Farmers, ranchers, and private landowners with agricultural or forested land in Illinois can apply. You do not need to be actively farming to qualify for every practice. A landowner with rural acreage who wants a pond built, a drainage problem fixed, or a creek bank protected can often apply without running a farming operation. The NRCS office will tell you which ranking pool fits your situation.

Historically underserved participants, including beginning farmers and socially disadvantaged producers, may qualify for reimbursement rates up to 90 percent instead of the standard 50 to 75 percent.

What It Actually Pays

NRCS publishes a payment schedule for each practice. That schedule lists the exact dollar amount you receive upon passing inspection. The cost-share percentage you hear about, 50 to 75 percent, is calculated by USDA economists before the schedule is published, based on average regional costs. It is already baked in. When NRCS tells you the payment rate for a practice, that is the check you get. Not a percentage of it.

The gap you are responsible for is the difference between what NRCS pays and what your contractor actually bids. That gap can still be significant, but the program is more generous than most people expect. The program does not pay the contractor directly. You pay the contractor when the work is complete, NRCS inspects, and then they reimburse you.

How the Numbers Work

Say you want a livestock pond excavated. The NRCS payment schedule for that practice and project size is $18,000 for your area. That is the full amount you receive after inspection. Your contractor bids $26,000. Your out-of-pocket gap is $8,000. You pay the contractor $26,000, get $18,000 back from NRCS, and your actual cost is $8,000 for a pond that would have run you $26,000 without the program. That is not a coupon. That is a significant chunk of the project covered.

Which Projects Qualify

EQIP funds specific conservation practices defined by NRCS. Below are the ones that match what Southern Illinois rural landowners typically need and what we're built to execute. Each includes the official practice code, a plain-English explanation, a real-world scenario, and regional funding data pulled from the USDA records.

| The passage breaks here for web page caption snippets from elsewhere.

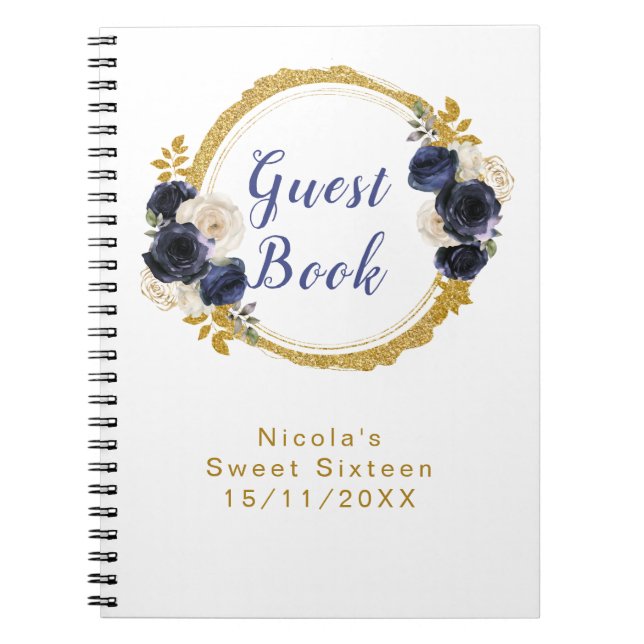 Navy Blue and Gold Elegant Flowers Sweet Sixteen Notebook (Front)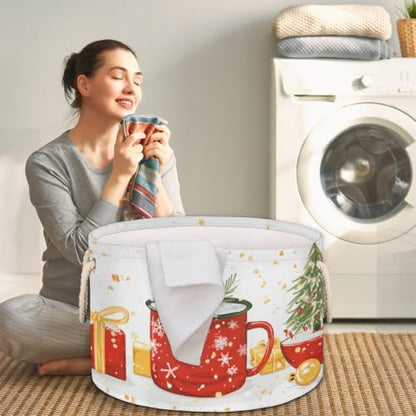 Christmas Tree Mug Gift Large Round Storage Basket, Collapsible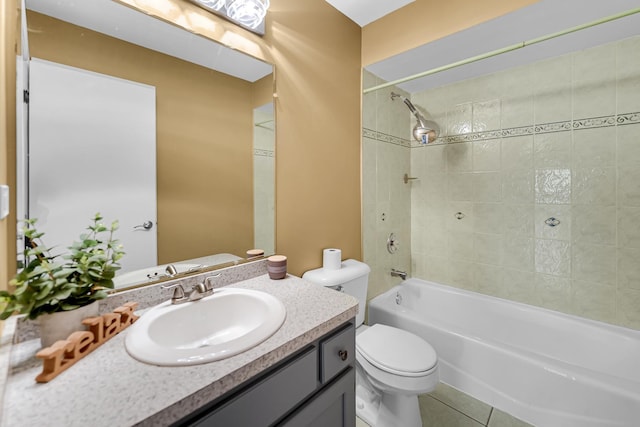 4311 187th St, Country Club Hills, IL 60478 - bathroom featuring toilet, vanity, tub / shower combination, and tile patterned flooring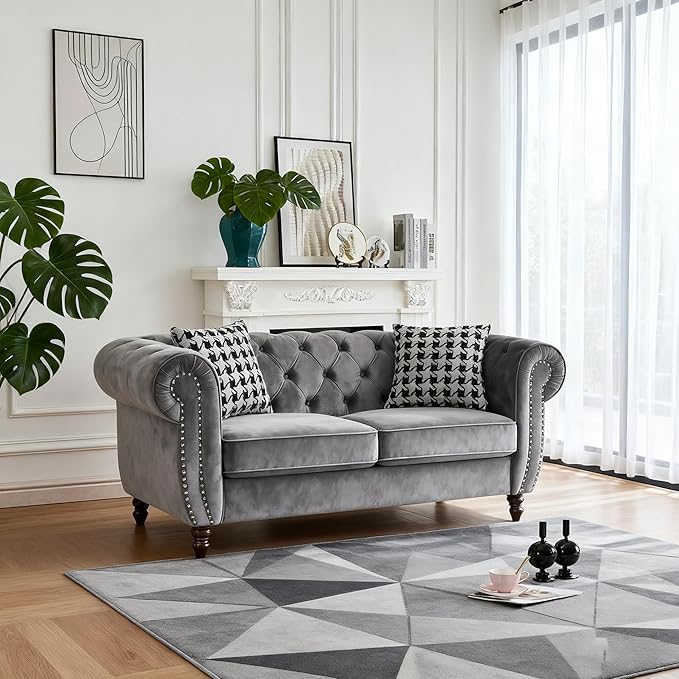Loveseat Velvet Fabric Two- Seater Couch Buckle Design and Rivet Decoration Deep Seated Double Sofa Suitable for Living Room Bedroom Apartment Hotel etc (gray-04)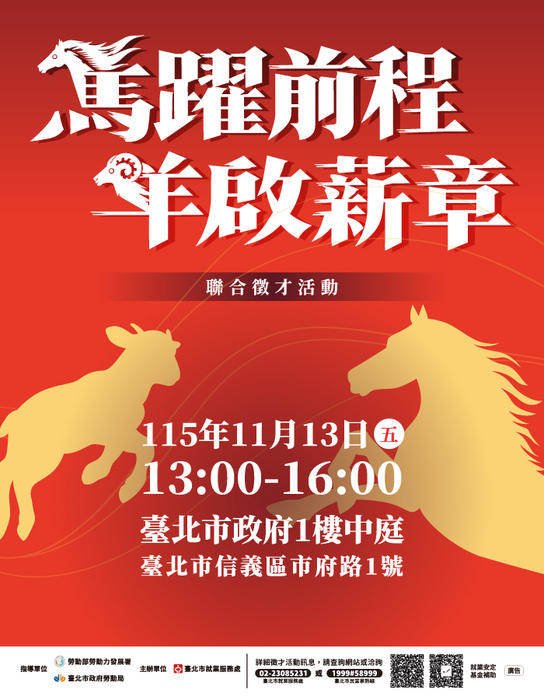 北市就服處「馬躍前程，羊啟薪章」聯合徵才活動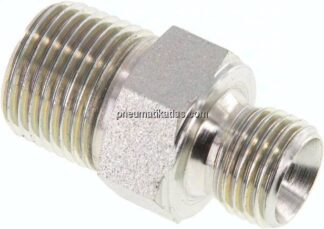 Hochdruck-Doppelnippel G 1/4"-NPT 3/8", Stahl verzinkt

Practice 378 Pond Construction

Excavation and earthwork to build a new pond engineered to hold water for a defined resource purpose. NRCS designs the dam, emergency spillway, and outlet to specification before any ground moves. Most ponds in Southern Illinois run half an acre to three acres and take one to three weeks to excavate depending on soil and site conditions.

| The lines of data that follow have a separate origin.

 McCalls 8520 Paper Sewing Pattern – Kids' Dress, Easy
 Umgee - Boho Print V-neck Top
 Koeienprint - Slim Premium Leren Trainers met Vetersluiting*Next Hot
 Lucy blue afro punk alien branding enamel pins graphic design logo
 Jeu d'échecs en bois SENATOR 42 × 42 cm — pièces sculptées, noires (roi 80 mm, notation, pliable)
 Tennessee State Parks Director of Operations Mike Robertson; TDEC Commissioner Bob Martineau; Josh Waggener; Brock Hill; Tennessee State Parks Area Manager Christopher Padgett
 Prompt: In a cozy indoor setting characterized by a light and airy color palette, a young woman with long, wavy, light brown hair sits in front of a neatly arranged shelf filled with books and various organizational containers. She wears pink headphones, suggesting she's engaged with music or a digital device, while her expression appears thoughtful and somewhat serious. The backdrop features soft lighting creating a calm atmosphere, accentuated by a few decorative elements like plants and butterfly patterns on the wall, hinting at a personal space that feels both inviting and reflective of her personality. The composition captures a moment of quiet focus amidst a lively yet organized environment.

Important: EQIP will not fund a pond for recreational use or a general fishing hole. The pond must address a specific resource concern NRCS recognizes. Under the Livestock pool, that means providing alternative livestock water as part of a prescribed grazing system, typically so cattle stop accessing and eroding a natural stream. Under the Wildlife pool, the project must meet specific habitat restoration criteria, not general wildlife attraction. If you are unsure whether your project qualifies, describe the resource problem to the NRCS planner first. They will tell you which pool applies, if any.

Real Example

A Franklin County cattle operation has a creek the herd accesses for water. The bank is eroding and water quality is degrading. NRCS prescribes a pond with a solar-powered tank system to pull cattle off the creek entirely. The pond is funded under the Livestock pool because it solves a specific resource concern (stream bank degradation from uncontrolled livestock access), not because the landowner wanted a pond. Excavation takes one week. The five-year maintenance obligation: keep the dam face mowed and the emergency spillway clear. No trees allowed to establish on the embankment.

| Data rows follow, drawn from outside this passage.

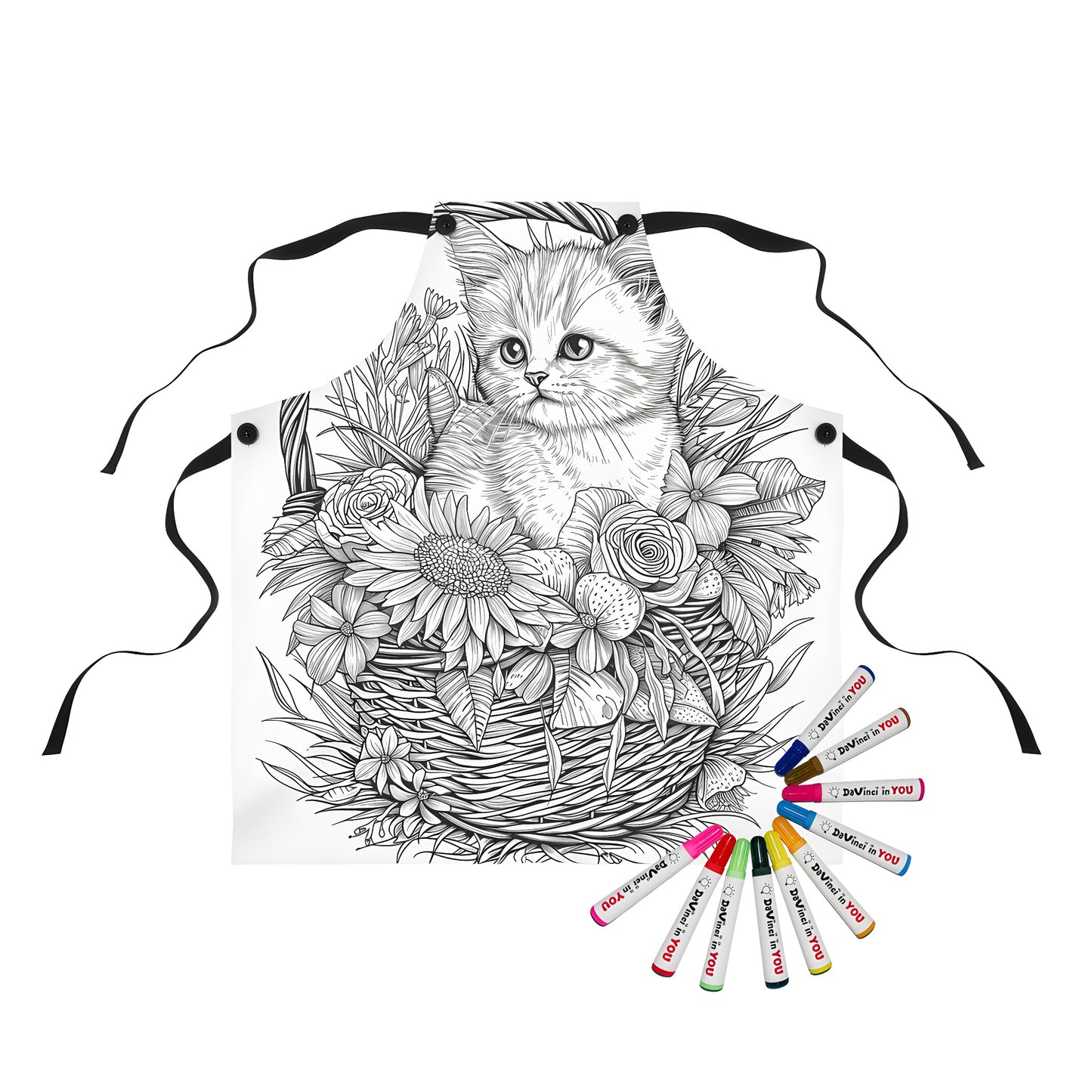 Apron with cute cat in flower basket design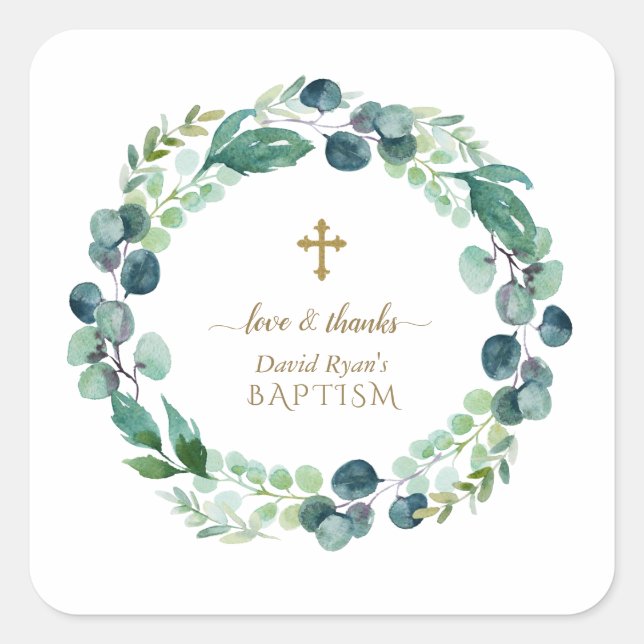 Sticker Carré Eucalyptus verdure Wreath Gold Cross Baptême (Devant)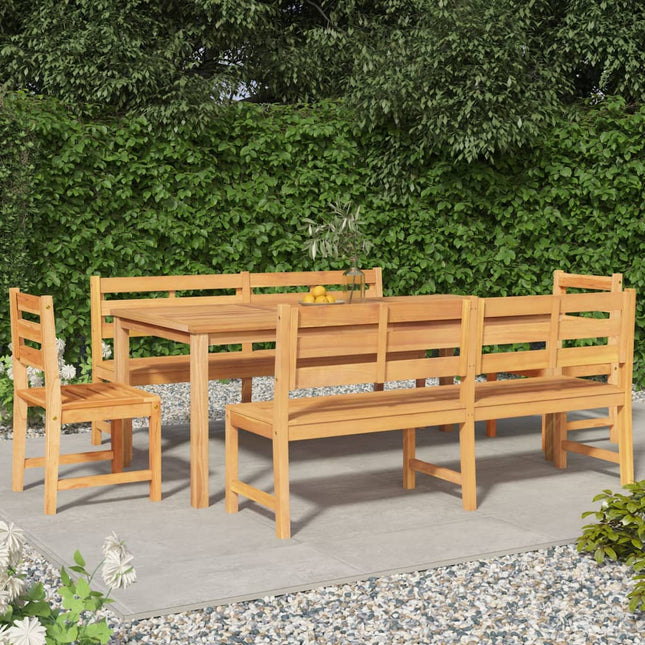 5-Delige Tuinset Massief Teakhout 200 cm tafellengte 2x Bank + 2x stoel + Tafel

DATA NOTE: Pond funding (Practice 378) shows as suppressed in most Southern Illinois counties, meaning activity exists but falls below the federal 4-contract privacy threshold. Confirmed funded contracts in Johnson County ($106K), Massac County ($85K), and Union County ($75K). Practice is eligible and demand is real across the region.
Practices 520 · 521 · 522 Pond Sealing and Lining

If an existing pond fails to hold water, these practices fund the repair. Practice 520 covers compacted soil and bentonite treatment. Practice 521 is a flexible membrane liner. Practice 522 is concrete lining. The repair depends on why the pond leaks: sandy seams in the dam foundation typically need a liner, while a dam built from poor material can sometimes be fixed with bentonite. NRCS determines the right fix after a site visit and soil investigation.

Real Example

A Williamson County cattle farmer has a 15-year-old pond that holds water in winter but drops three feet every July. NRCS visits, digs test pits in the dam, and identifies a sand seam. A flexible membrane liner sealed over the sand seam stops the loss. The pond holds through two consecutive dry summers. Funded under the same Livestock pool as new pond construction. The repair cost a fraction of a new pond.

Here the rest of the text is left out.